In a conventional war, the enemy is the soldier on the other side of the battlefield. In an insurgency, such as those the United States and its allies have been fighting in Iraq and Afghanistan, however, it’s not so easy to tell. “Insurgents are part of the local population, so it’s very difficult to distinguish between who is fighting against you and who is a civilian,” says Imai.
“The Taliban are very aware of what is going on with the population and employ more violence where they are losing support in order to intimidate people,” he says. “Creating a lot of visible building projects actually may provide targets.” The findings have profound implications for how aid can be effectively delivered in a war zone to help sway “hearts and minds” without putting a target on people’s backs.
In 2011, Imai and Yale political science professor Jason Lyall surveyed 2,754 Afghans in 204 villages to gauge how the progress of the war was affecting local opinion. Lyall worked with a local survey firm to conduct interviews, while Imai, who directs the certificate program in statistics and machine learning, crunched the numbers stateside.
Their initial findings, published in American Political Science Review in 2013, suggested that the Taliban had a significant “home field” advantage. When the Taliban committed attacks that victimized civilians, they continued to receive the support of the populace. When international forces committed similar acts — for example, mistakenly bombing civilians — “their actions had much larger negative consequences, since they were seen as outsiders,” says Imai.

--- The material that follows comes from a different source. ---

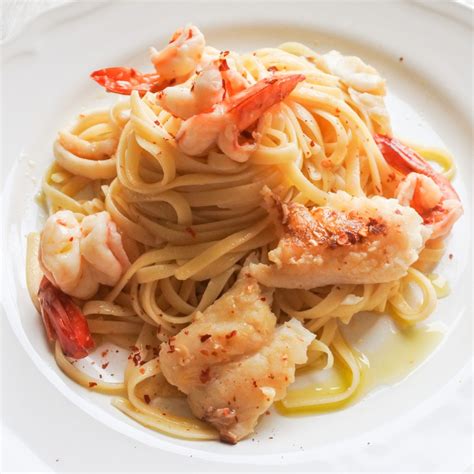 Spicy Seafood Linguine - Spicepaw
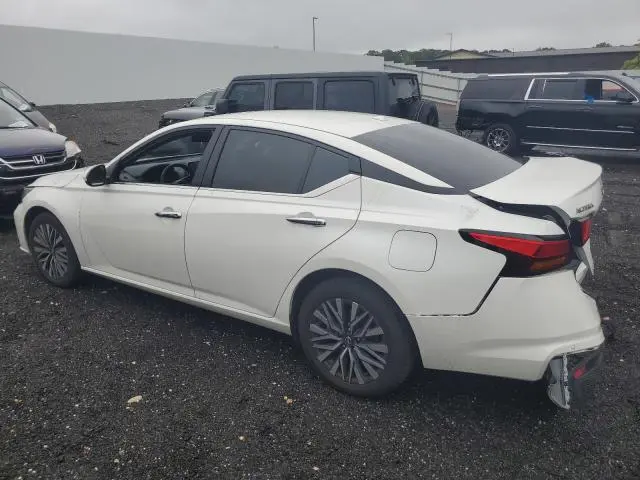 2023 NISSAN ALTIMA SV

In a new study of the data, published in January in the Journal of Peace Research, Imai and Lyall flipped their research on its head. Rather than measuring the effects of attacks on civilian support, the researchers measured how support for NATO’s International Security Assistance Force predicted the likelihood of future attacks in the area. They found even modest changes in favor toward outsiders led to a dramatic uptick in hostilities. For example, when residents of a village rose from the 50th percentile to about the 70th percentile in their support for NATO forces, they saw an average of 13 more IED attacks over a five-month period.
Those findings, says Imai, should be a warning to any military trying to pursue a “hearts and minds” campaign. “If you are going to try to win the locals’ support, then there must be a much tighter coordination between aid organizations and the military,” says Imai. Aid programs can’t just provide goods and services and then move on to the next village down the road, leaving civilians they’ve helped open to reprisals. “Everything is already tilted against outsiders coming in. So if they are going to succeed, then they need to make sure that aid programs are done with guaranteed military protection.”